In this study, the simultaneous use of a multi-level converter (MLC) as a DC-motor drive and as an active battery cell balancer is investigated. MLCs allow each battery cell in a battery pack to be independently switched on and off, thereby enabling the potential non-uniform use of battery cells. By exploiting this property and the brake regeneration phases in the drive cycle, MLCs can balance both the state of charge (SoC) and temperature differences between cells, which are two known causes of battery wear, even without reciprocating the coolant flow inside the pack.

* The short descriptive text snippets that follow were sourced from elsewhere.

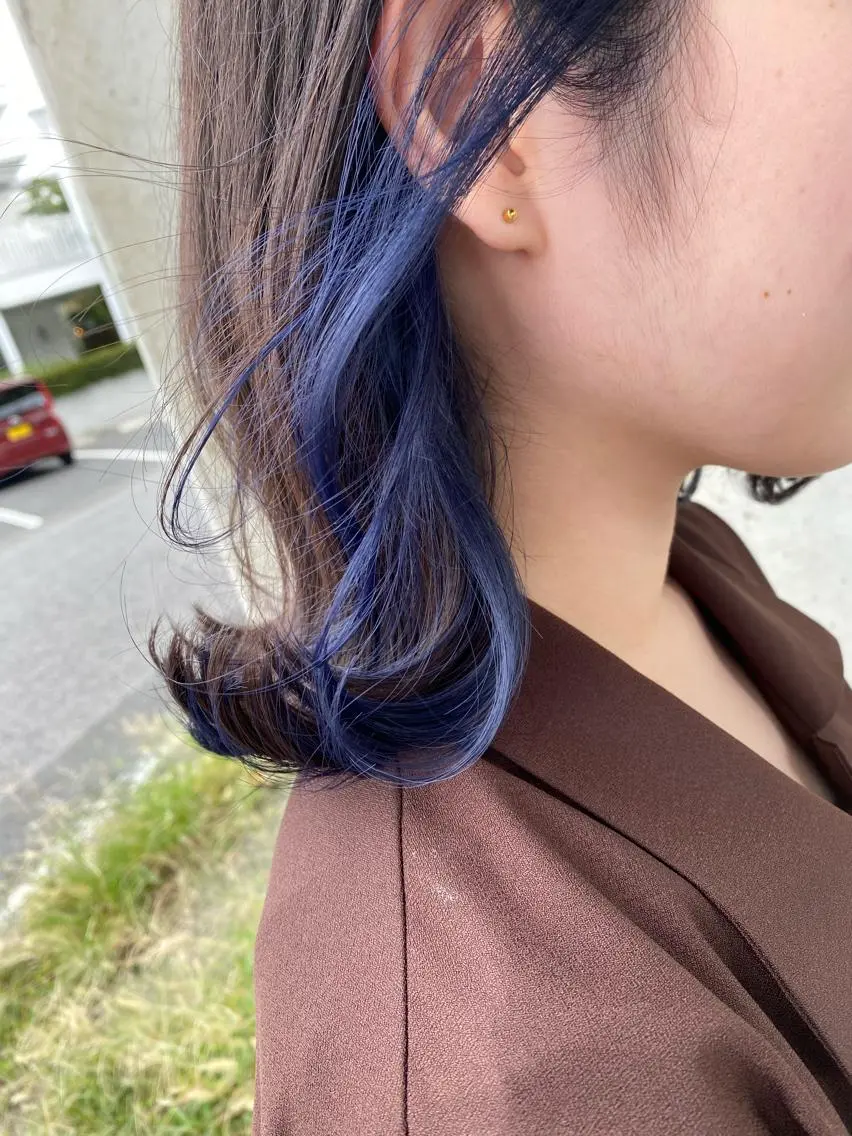 ミディアム カラー ヘアカラー 🔥金山 諒平🔥のヘアスタイル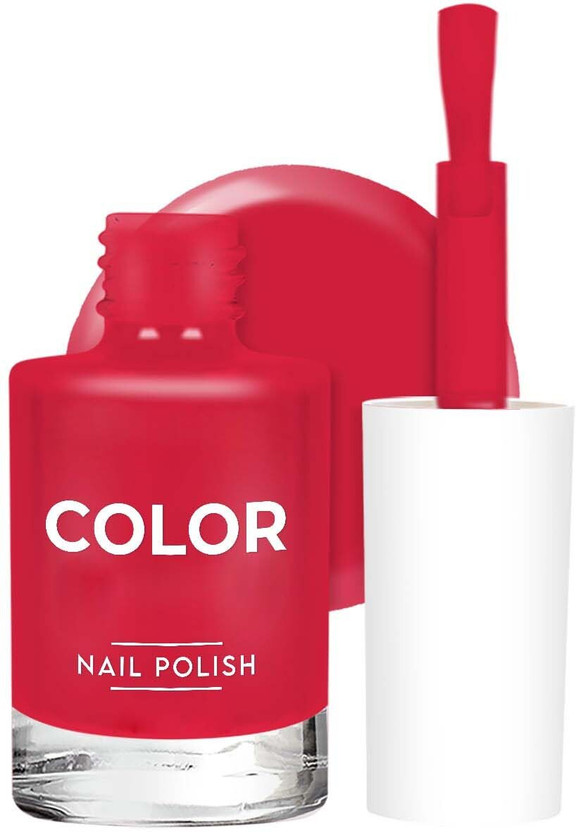 WOONGMI Super Glossy Finish, Non-Chipping, Non-Smudging, Quick Drying Nail Polish VENETIAN RED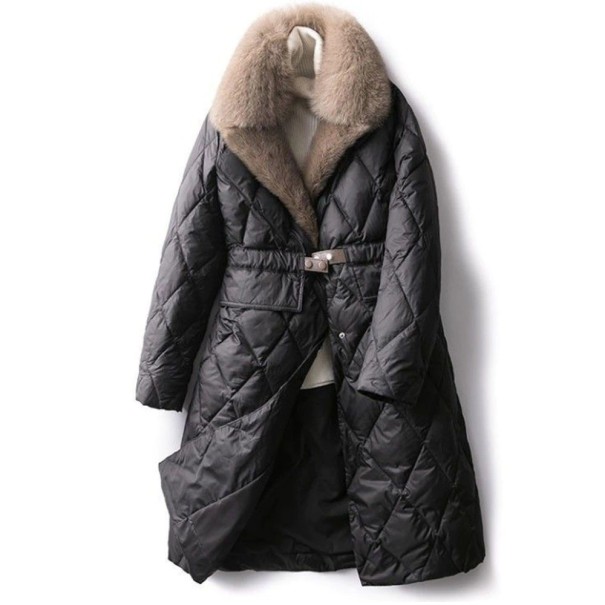 Palton de iarnă de damă P2546 negru M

The optimal control policy (OP) that considers both battery pack temperature and SoC dynamics is studied in detail based on the assumption that information on the state of each cell, the schedule of reciprocating air flow and the future driving profile are perfectly known. Results show that OP provides significant reductions in temperature and in SoC deviations compared with the uniform use of all cells even with uni-directional coolant flow. Thus, reciprocating coolant flow is a redundant function for a MLC-based cell balancer. A specific contribution of this paper is the derivation of a state-space electro-thermal model of a battery submodule for both uni-directional and reciprocating coolant flows under the switching action of MLC, resulting in OP being derived by the solution of a convex optimization problem.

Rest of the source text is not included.